E Alessio? Che dire della sua vita? Possiamo chiederci che senso può avere che un bambino così piccolo debba affrontare delle prove tanto dolorose… Vorrei proporle un pensiero che, credo, lei può comprendere se ha già iniziato un dialogo così aperto con la vita. Un pensiero molto antico (un filosofo greco, Platone, ce ne parlava duemilaquattrocento anni fa) sostiene che ciascuno di noi viene al mondo con un compito da svolgere, meglio, con un progetto da realizzare: per sé stesso e per gli altri.

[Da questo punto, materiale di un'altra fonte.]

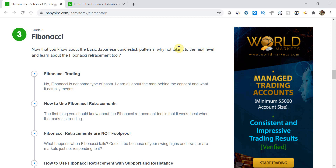What's up you guys, Zoe here from OneGlanceTrader.com and welcome back to my Baby Pips Forex Education video series. We're in the elementary school in grade 3 talking all things Fibonacci. If you want to go back and check out all the previous Fibonacci videos or any of the elementary school videos, links are in the description.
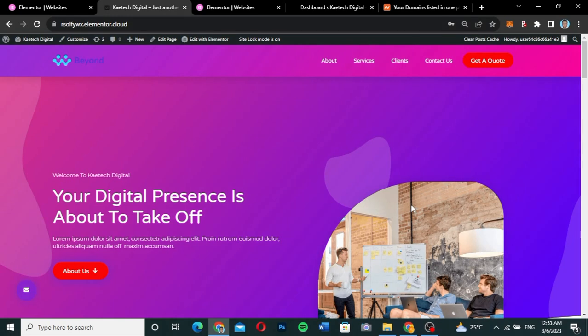Hello guys, welcome to my YouTube channel. My name is Kobe and this is Skytech Digital. In this video, I'm going to show you how you can add custom domains to your website in Elementor hosting.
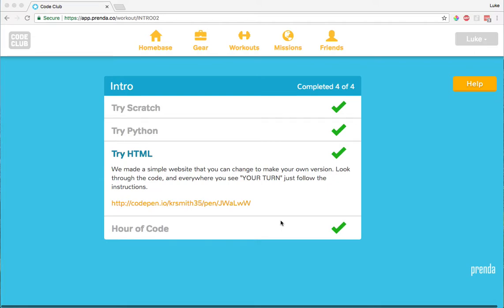Alright, I want to show you how to do the TryHTML task. So I'm going to read the instructions here. We made a simple website that you can change to make your own version. What? I'm going to get to make a website? That's awesome!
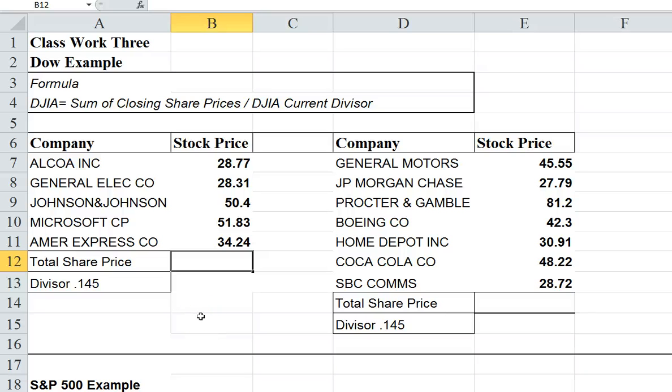In this video, I'm going to explain how the Dow Jones Industrial Average is calculated and how it's different than the S&P 500 Index.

In altre parole è come dire che veniamo al mondo per imparare qualcosa (per noi) e per insegnare qualcosa (agli altri). E sono le anime più forti che vengono con un progetto più impegnativo.
E’ un pensiero condiviso da molti, anche oggi, soprattutto in certe filosofie/religioni dell’oriente. E’ un pensiero, per la verità, che a me non pare neanche tanto lontano da una visione cristiana della vita se ricordiamo, per esempio, quando, nella lettera ai cristiani di Corinto, ci viene detto che ognuno di noi ha un dono particolare dello Spirito e che questo dono ci è dato anche perché sia a vantaggio di tutti.
Certo, che cosa Alessio sia venuto ad ‘imparare’, per sé stesso, in una vita con un inizio tanto difficile, noi ancora non lo sappiamo. Una parte del suo progetto, però, forse possiamo già intravederla: non le pare che si stia rivelando fin da ora come un maestro di vita? Questo piccolo maestro sta insegnando a lei e ai suoi figli a guardare ciò che davvero conta nella vita di ogni giorno. E il suo insegnamento potrà arrivare, attraverso voi, a chi sa quanti altri. Oggi, per esempio, arriva anche a me e a tutti quelli che ci stanno leggendo.
La ringrazio per i pensieri che ha voluto condividere con noi. E un grazie particolare, con un grande abbraccio che l’accompagni nel suo cammino, ad Alessio, questo nostro piccolo grande maestro.